Information given:
════════════════
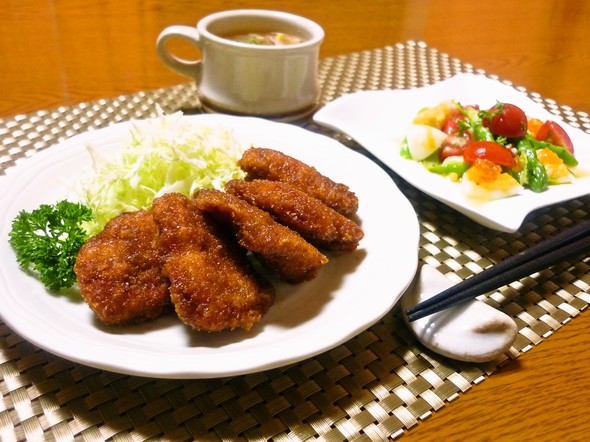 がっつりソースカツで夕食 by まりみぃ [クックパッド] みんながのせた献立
════════════════
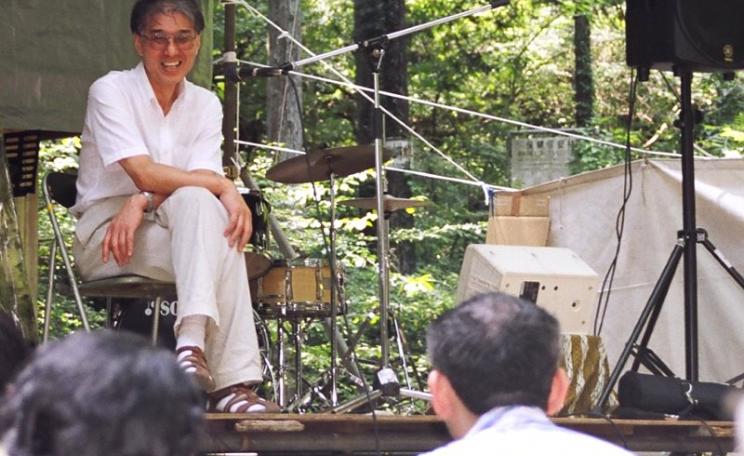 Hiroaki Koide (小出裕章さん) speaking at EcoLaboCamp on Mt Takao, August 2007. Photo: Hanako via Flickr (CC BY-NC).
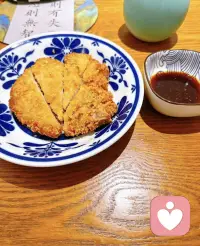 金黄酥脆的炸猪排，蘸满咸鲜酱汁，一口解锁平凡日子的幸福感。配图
════════════════
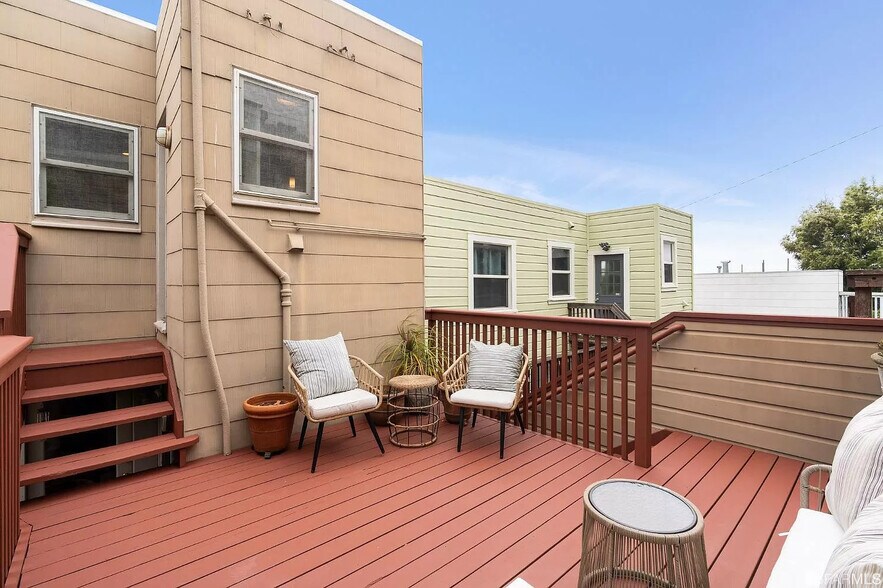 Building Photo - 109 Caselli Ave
════════════════
Only one stretch of the data is wanted: write out exactly the lines from the one holding "Hiroaki Koide (小出裕章さん)" through the one holding "金黄酥脆的炸猪排，蘸满咸鲜酱汁，一口解锁平凡日子的幸福感。配图", both included, without the pictures.

 Hiroaki Koide (小出裕章さん) speaking at EcoLaboCamp on Mt Takao, August 2007. Photo: Hanako via Flickr (CC BY-NC).
 金黄酥脆的炸猪排，蘸满咸鲜酱汁，一口解锁平凡日子的幸福感。配图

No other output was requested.